Once again, I consult my 1973 Pillsbury cookbook for this classic peanut butter cookie recipe. To get a good "crumb", do not overmix the dough after combining the wet and dry ingredients. Test one cookie in the oven before baking the whole batch. If the cookie spreads too much, add a little more flour until the consistency is not too gooey.

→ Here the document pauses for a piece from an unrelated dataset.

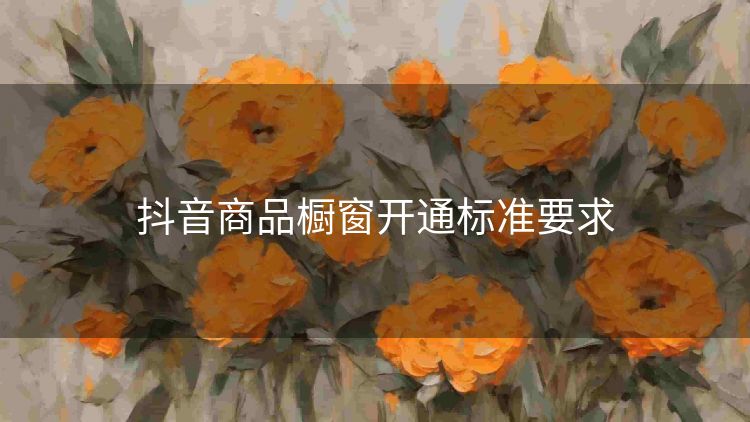 抖音商品橱窗开通标准要求 抖音商品橱窗开通标准要求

Weather and climate may affect your dough.
Prep Time10 minutes
Cook Time10 minutes
Total Time20 minutes
Course: Dessert
Cuisine: American
Servings: 100 cookies
Calories: 35kcal

Ingredients

  • 2/3 cup butter
  • 1/2 cup peanut butter
  • 1 cup packed brown sugar
  • 1 egg
  • 2 Tablespoons milk
  • 1 teapoon vanilla
  • 1 1/2 cups flour
  • 1 teaspoon soda
  • 1/2 teaspoon salt

Instructions

  • Preheat oven to 375°.  In mixing bowl, beat together butter, peanut butter and brown sugar.  Slowly beat in egg, milk and vanilla and then blend at medium speed until well mixed.
  • Measure the dry ingredients flour, soda and salt and add to wet ingredients.  Stir only when ready to portion onto cookie sheets.
  • Using a small (100) scoop or small spoon, shape dough into small balls and flatten off on side of bowl. Place 2 inches apart onto ungreased or parchment lined cookie sheets.  Flatten balls slightly twice with a fork dipped into flour, forming a crisscross pattern.
  • Bake 10-12 minutes or until golden brown.  Cool on cooling racks and store in an airtight container.